Il s’agit là d’une initiative originale, la seule en France, accueillie d’abord par les Archives départementales et le lendemain par le Musée d’Aquitaine, et impulsée par l’Association citoyenne « Pourquoi pas 33 », avec plusieurs Gilets Jaunes de Bordeaux et de Gironde. Ceux-ci et celles-ci étaient présent·es dans la salle, intervenant·es dans les débats et les tables-rondes tout au long des deux journées, dans une ambiance à la fois très attentive et fort chaleureuse, avec une mixité générationnelle et de genre.
La première journée a été marquée en matinée par un retour sur l’expérience extraordinaire des cahiers de doléance, leur contenu, leurs exigences, que ce soit en milieu urbain ou en milieu rural.

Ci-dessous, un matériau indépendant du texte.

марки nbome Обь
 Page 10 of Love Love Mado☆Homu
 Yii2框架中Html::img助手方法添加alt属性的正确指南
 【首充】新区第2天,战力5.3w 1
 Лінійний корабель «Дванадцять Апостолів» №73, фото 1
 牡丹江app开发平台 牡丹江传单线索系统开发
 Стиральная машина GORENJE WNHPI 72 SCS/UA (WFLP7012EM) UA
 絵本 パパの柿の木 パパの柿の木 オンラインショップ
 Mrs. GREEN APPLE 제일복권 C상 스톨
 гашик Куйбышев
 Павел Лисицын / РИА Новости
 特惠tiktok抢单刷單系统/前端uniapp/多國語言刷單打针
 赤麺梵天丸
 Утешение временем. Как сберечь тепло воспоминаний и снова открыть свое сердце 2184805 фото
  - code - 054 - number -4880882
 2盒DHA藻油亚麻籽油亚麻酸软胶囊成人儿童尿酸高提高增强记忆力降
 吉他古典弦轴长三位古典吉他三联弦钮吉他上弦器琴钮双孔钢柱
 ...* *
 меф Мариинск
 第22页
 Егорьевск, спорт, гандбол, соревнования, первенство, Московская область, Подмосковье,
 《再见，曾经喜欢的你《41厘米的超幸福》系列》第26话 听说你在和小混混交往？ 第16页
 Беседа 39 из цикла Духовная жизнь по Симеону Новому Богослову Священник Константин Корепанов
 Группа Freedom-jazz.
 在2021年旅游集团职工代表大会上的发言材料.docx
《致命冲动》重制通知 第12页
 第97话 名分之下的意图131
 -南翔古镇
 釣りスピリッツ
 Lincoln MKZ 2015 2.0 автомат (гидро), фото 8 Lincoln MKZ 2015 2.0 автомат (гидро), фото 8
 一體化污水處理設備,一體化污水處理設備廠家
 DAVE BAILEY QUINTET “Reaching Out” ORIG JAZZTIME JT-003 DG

Le travail de dépouillement des cahiers de doléance confirme, s’il en était besoin, les thématiques et les exigences majeures des Gilets Jaunes, centrées sur la démocratie réelle (la place prise par le RIC), la dignité et le respect, la justice sociale et climatique, et, faut-il le rappeler, une dimension profondément pacifique et le refus généralisé de la violence. Il a été redit aussi avec force -mais il est bon d’y revenir sans cesse!- que les thématiques sécuritaires et autres discours stigmatisants sur l’islam et l’immigration, tant entendu·es pendant la double campagne électorale et de manière générale dans la sphère politique et médiatique, ont été quasi-absent·es des cahiers de doléance étudiés par les équipes de recherche !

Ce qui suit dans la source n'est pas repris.